If you earn $1600 per fortnight your annual salary income will be approximately $42,000 a year. A well-used strategy for people in your situation is to start an account-based pension from their superannuation fund and sacrifice the excess salary (as they now receive a tax-free income from the superannuation fund) as extra superannuation contributions.
The maximum concessional superannuation contribution for you in fiscal 2015 is actually $35,000 and not $50,000. You should seek professional advice before using this strategy as it would not make sense for you to sacrifice up to the maximum limit. This would result in the 15% superannuation contributions tax being paid, while if you had received the salary you can earn approximately $21,000 a year and not pay any income tax.
Considering a corporate trustee arrangement
We have a self-managed super fund – my wife and I are the members and trustees. The fund is in pension mode and the account-based pensions are reversionary. We are contemplating changing to a corporate trustee arrangement. Does this have to be done before January 1, 2015 when the superannuation changes come in? Does changing the trustee structure to a corporate trustee result in a change in circumstances of the fund? Are there any other implications to making this change and is it worthwhile doing this?

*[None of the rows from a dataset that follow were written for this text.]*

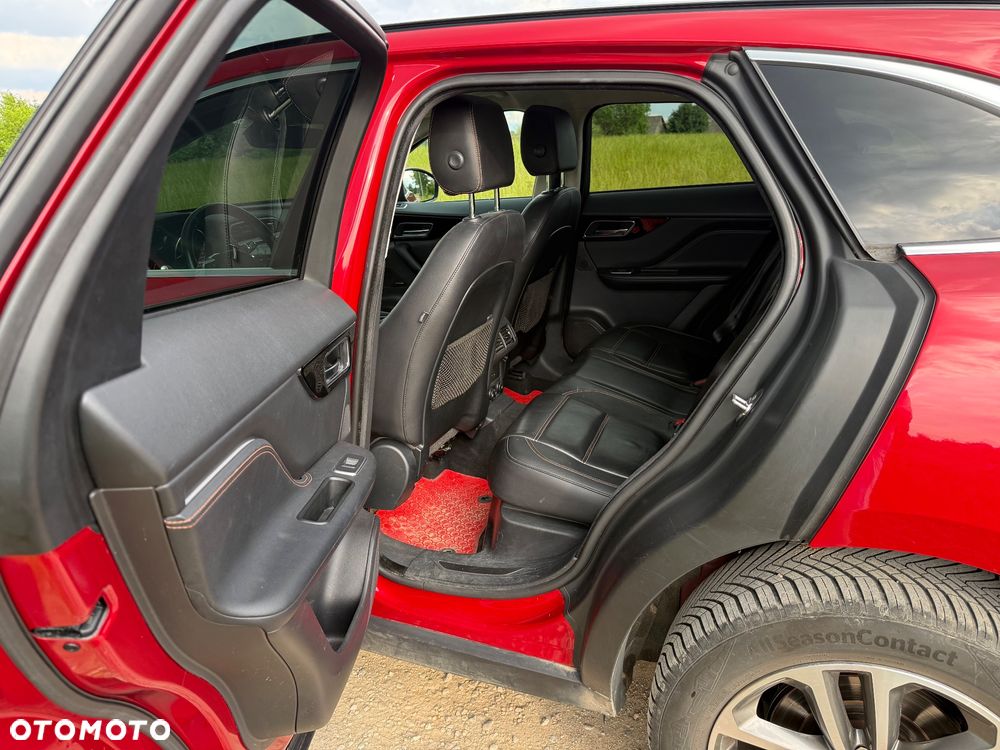 Jaguar F-Pace 2.0 i4P AWD Prestige - 17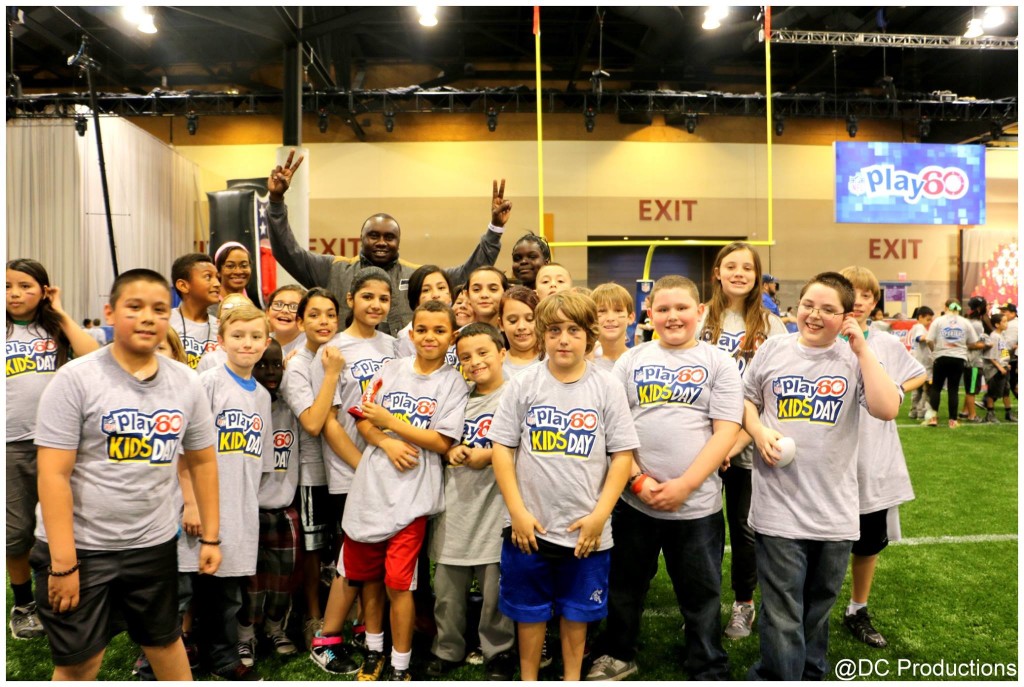 Davies Chirwa with Kids at the NFL Play 60 2015 in Phoenix Arizona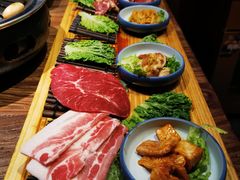 -明洞阿姨·韩式酱蟹烤肉·创意料理(三元桥店)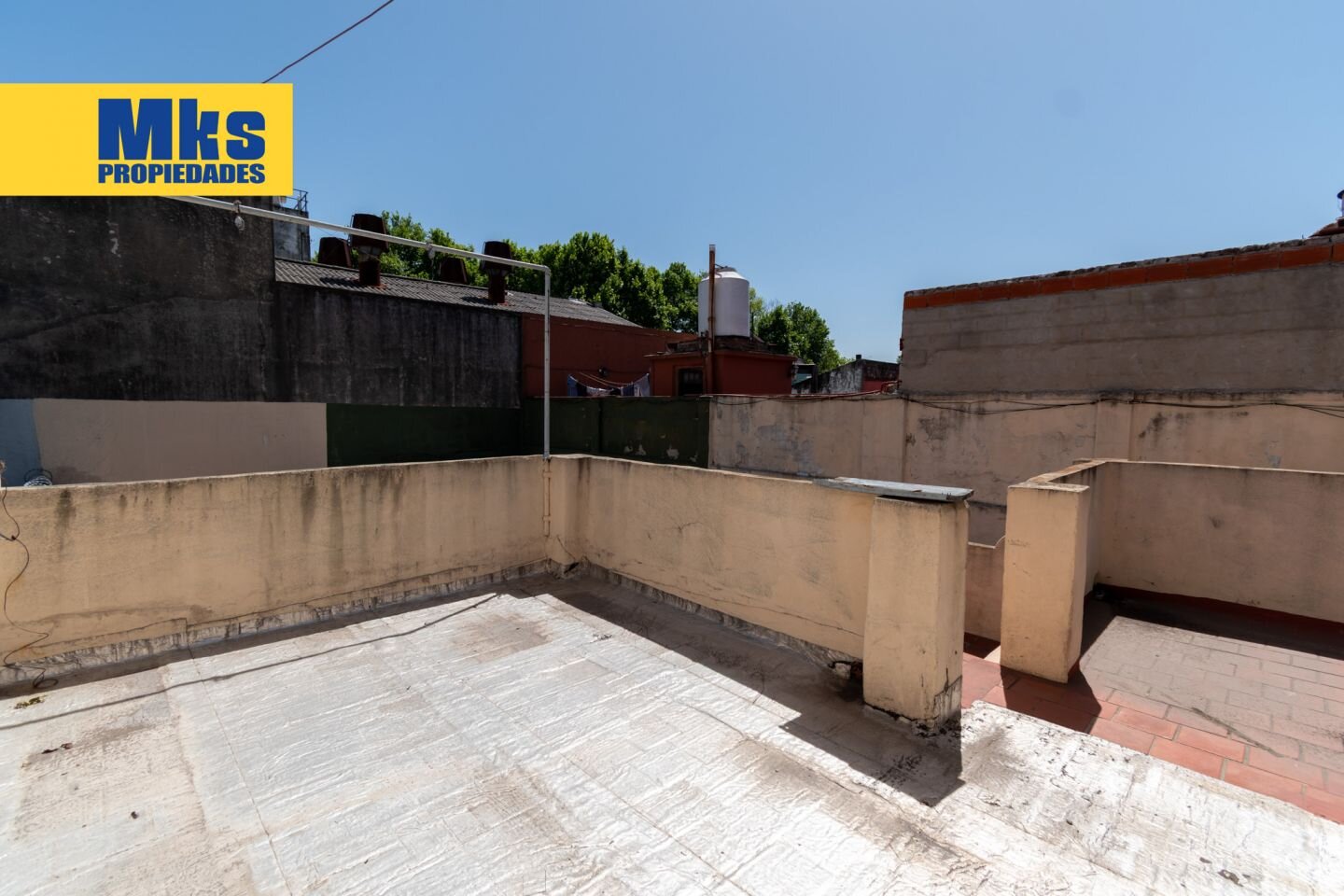 Venta. Casa sobre lote propio. Piscina y terraza. 5 dormitorios. - 28
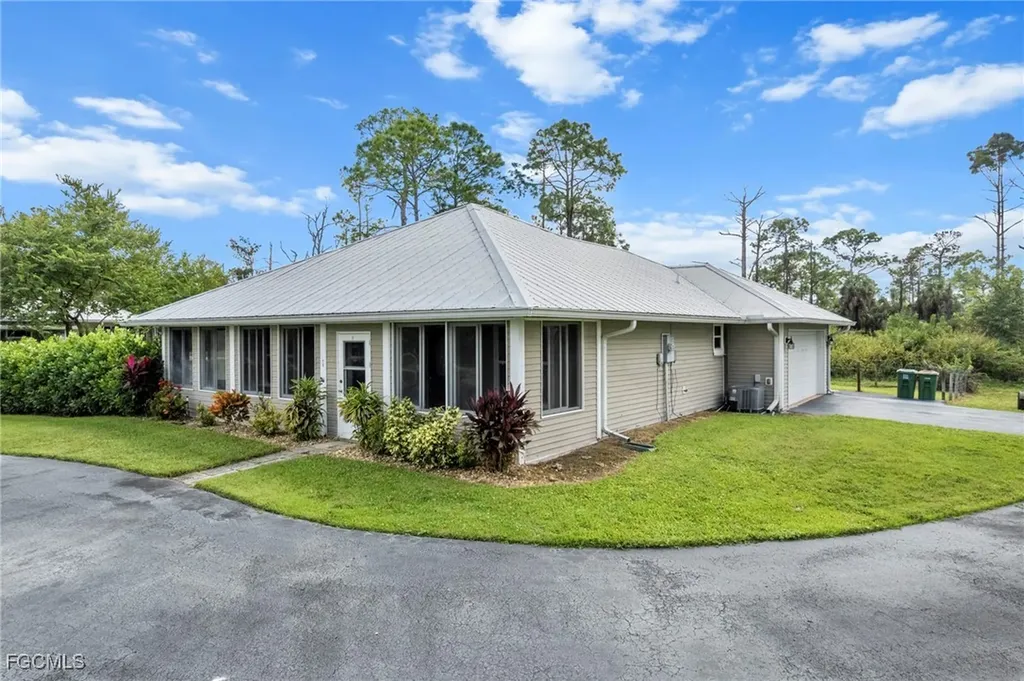 90 24th Avenue NE Naples FL 34120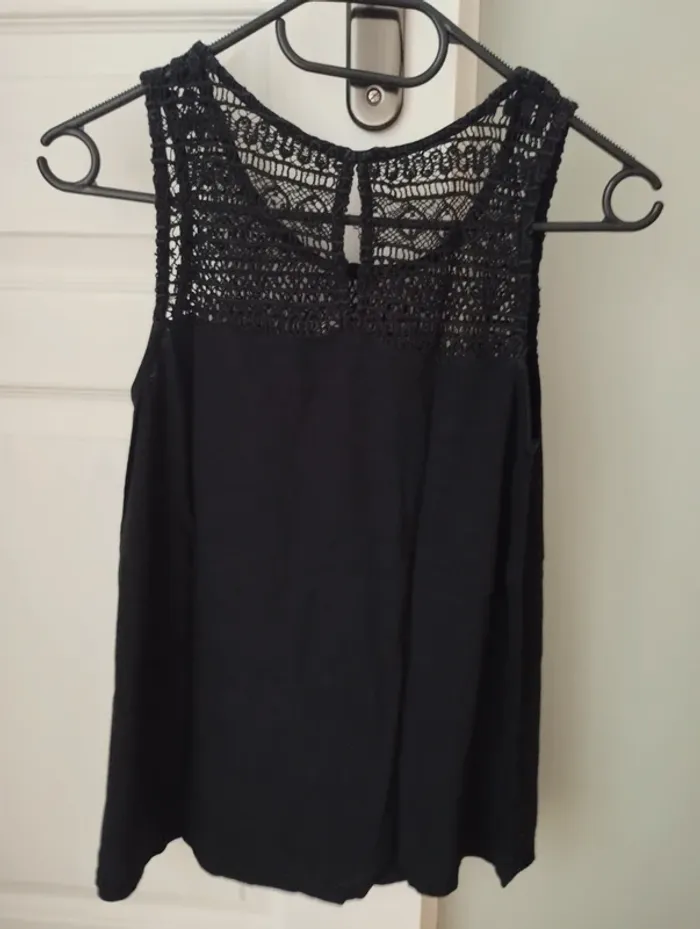 Débardeur noir avec broderie camaïeu 36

Answer: As far as I know there are no superannuation changes that will come into effect from January 1, 2015. On that date there will be a change in the way that superannuation pensions are counted by Centrelink. There is no other change related to income tax or superannuation other than this.
Under the change occurring on January 1, 2015 Centrelink will include a deemed income amount, rather than the current adjusted superannuation pension received amount. The changes will not apply to anyone receiving a superannuation pension at December 31, 2014 who was also receiving Centrelink income benefits such as the age pension.
Changing the trustee of a superannuation fund from individuals to a corporate trustee does not have an effect on any pensions that may be being paid at the time of the change. Changing to a corporate trustee will, however, require the trustees of the fund to amend the name that the assets of the super fund are held in to that of the corporate trustee.
The major benefit of changing to a corporate trustee now will be that in the event of the death of either you or your wife no further action needs to be taken. If you were to remain as individual trustees you must appoint a company to act as trustee or find someone else who can act as an individual trustee. In either of these circumstances the ownership of the assets of the superannuation fund would need to be updated at that time.
Note: We make every attempt to provide answers to readers’ questions, however, answers are of a general nature only. Subscribers should seek independent professional advice for more in-depth information that is specific to their situation.